The Honouring of Dead Poets Society

Around 130 years ago there was an effort to raise funds to belatedly help the poet Keats, or rather his sister who was his only surviving close relative. There was a sense that not enough had been done to honour the young poet during his too-brief life. Only recognised post mortem as one of England’s greats, John Keats had been neglected and he and his family subjected to unnecessary suffering as a result.

I discovered this attempt at fund-raising when reading some of another poet’s letters in the Bodleian Library in Oxford. The Preraphaelite painter and poet Dante Gabriel Rossetti was writing in February 1880 to Harry Buxton Foreman, a collector of Keats manuscripts, to ask about Foreman’s copy of Endymion. Rossetti describes himself as “a lover of Keats” despite the fact that he then goes on to diss Keats quite severely (most of his sonnets were “very faulty or inferior”, although his sonnet on Chapman’s Homer is good and the finest is On a Dream). He then refers to the subscription to help Keats’ sister Frances Mary, wife by this time of Valentine Llanos. Rossetti is sad that so little has been achieved by this point:

“It is grievous to me to find how little progress has been made with the Keats subscription. I have found a lukewarmness incredible to me even among special admirers of the poet. I had hoped much from America, but this it seems proves fallacious.” [1]

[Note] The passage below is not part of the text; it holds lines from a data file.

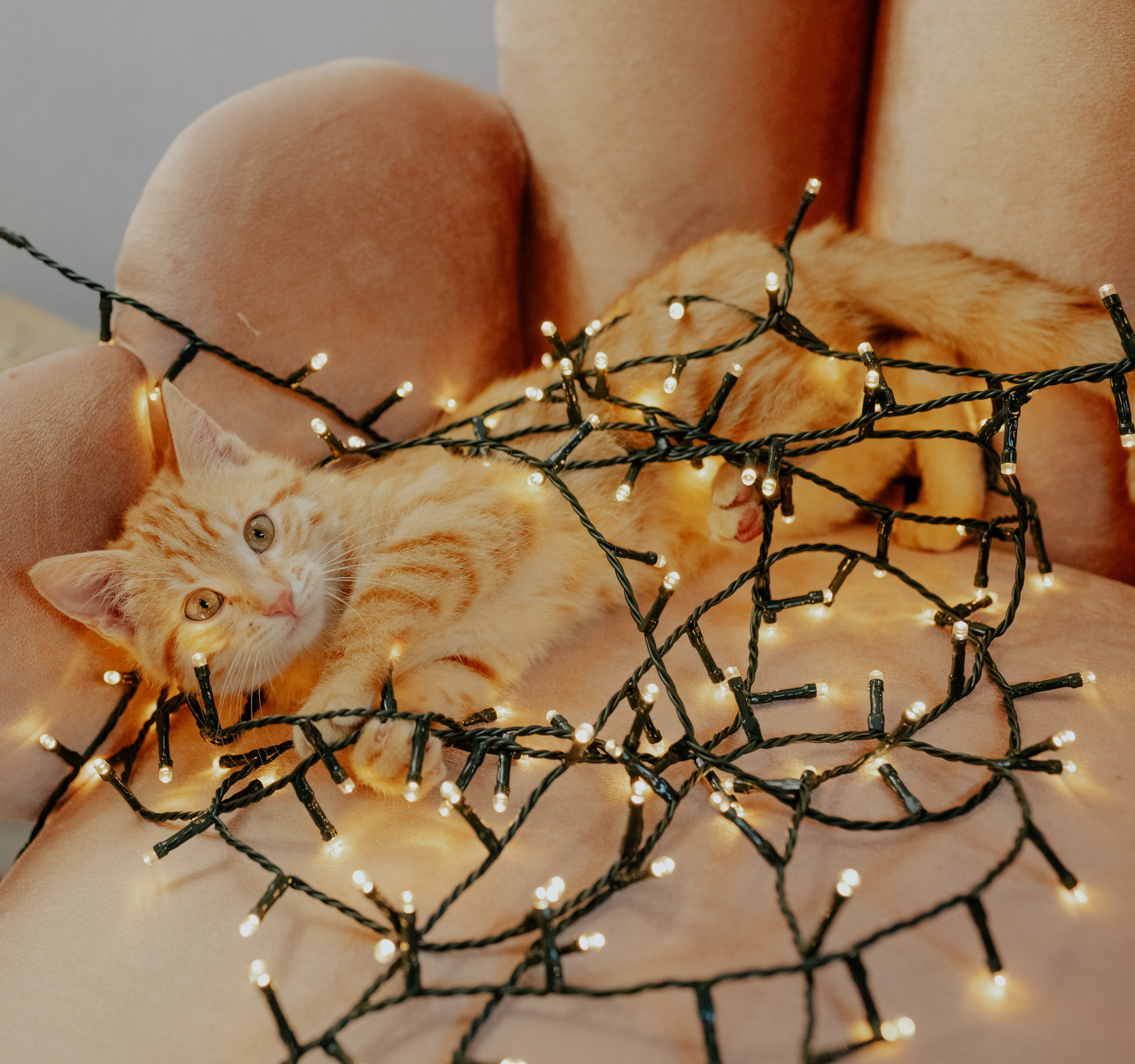 cat tangled up in christmas lights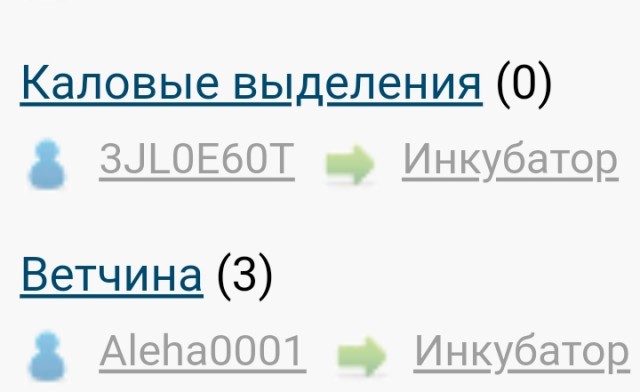 Ветчина
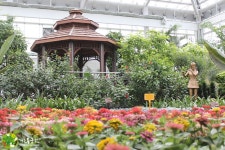 동궁원 - 2017 추석 연휴기간 정상운영 합니다. 경주동궁원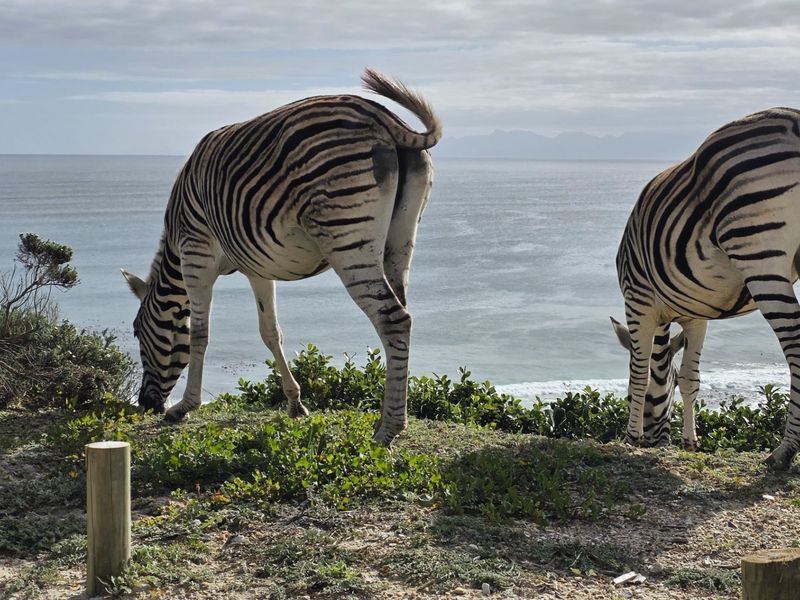 Vacant land in the most upmarket area in Gansbaai. Beautiful sea and mountain views.  - Photo 6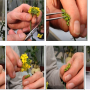 생명과학실험 : 속성배추(Rapid cycle Brassica rapa) 탐구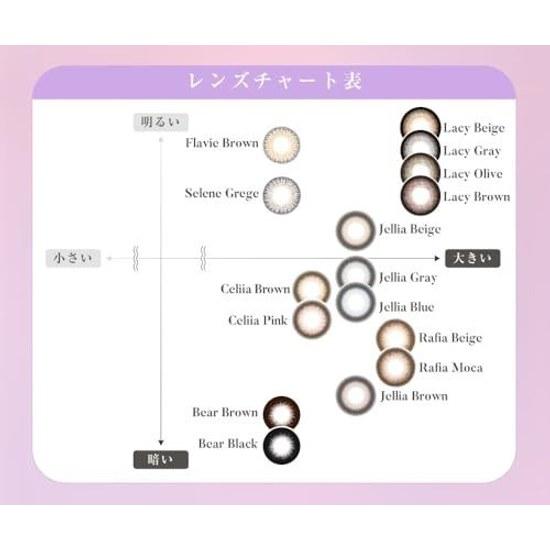 Color lenses TeAmo One Day prescription without 14.5mm 1DAY Bear Black 10 pieces 0.00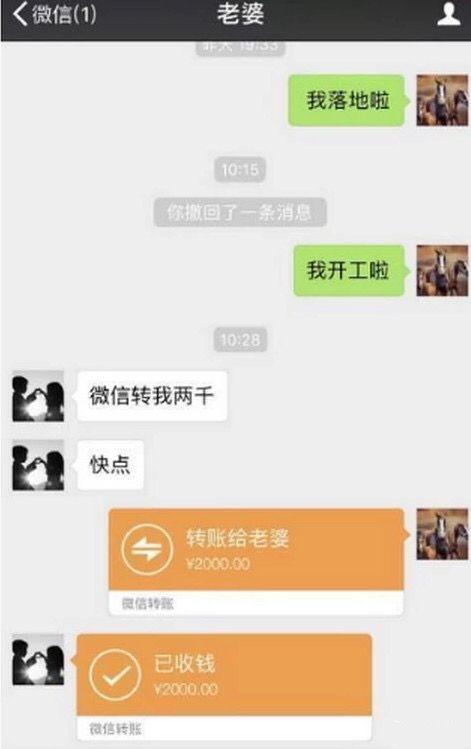 这对夫妻的迷惑行为大赏又来了…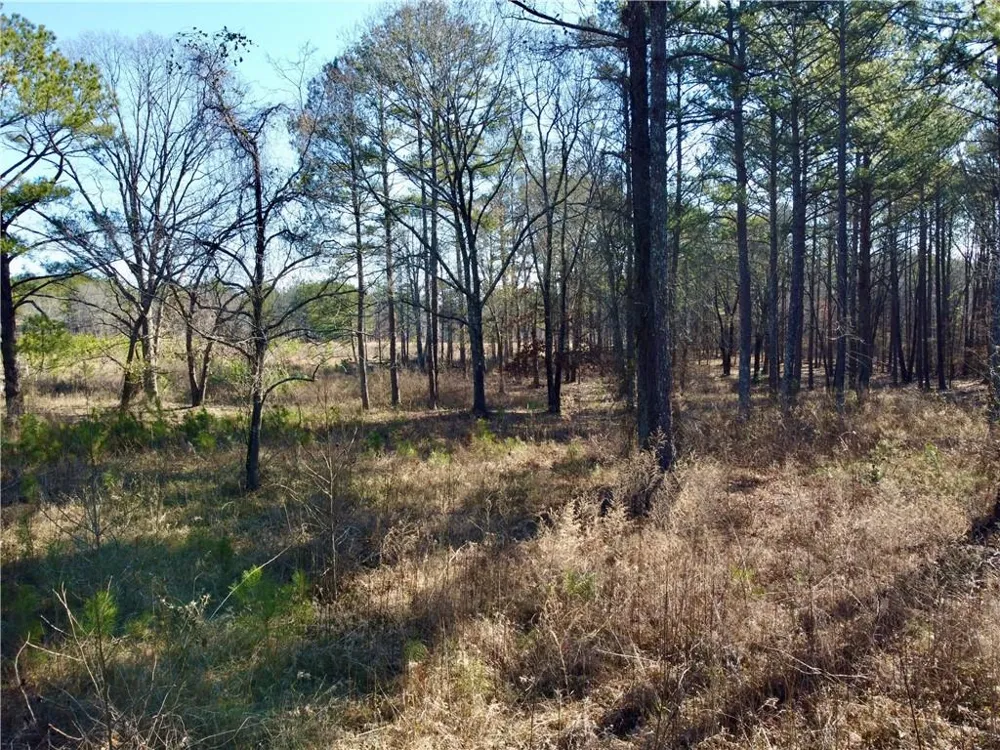 300 Old Social Circle Road Social Circle, GA 30025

There was to be a happy ending eventually, however. Disraeli, now Lord Beaconsfield, granted a Civil List Pension to Frances Mary in old age, the younger sister of the young dead genius. What else could the lovers of Keats do? There was always his grave in Rome with the memorial stone without a name, only to the one whose “Name was writ in Water”, organised by the painter Joseph Severn who was with Keats when he died and honoured his request concerning the brief epitaph. Many, including Oscar Wilde, made the journey there to honour their poetic hero. I must confess, though I have been to Rome, I have never made that pilgrimage, although I did visit Oscar Wilde’s grave in Pere-la-Chaise cemetery in Paris in the 1980s. I still have the photo of me aged 20, standing under an umbrella next to the large Jacob Epstein monument of a sphinx, looking intense and dismal in the rain in an inappropriately bright cardigan that just failed to be sunflower yellow. The Epstein monument records lines from Wilde’s The Ballad of Reading Gaol : “For his mourners will be outcast men, And outcasts always mourn.” I had already memorised these lines as a Melancholy Romantic teenager and so was delighted to find them as the last word on my favourite poet of that time. (A bit different to Wilde’s last reported words: “Either that wallpaper goes, or I do”, or indeed Disraeli’s great last words: “I think I’m getting better now”!) But it still took a while longer for Keats to be honoured in his own country with a memorial. There was an attempt in 1939 to have a plaque dedicated to him in Westminster Abbey but the advent of the Second World War delayed things till 1954.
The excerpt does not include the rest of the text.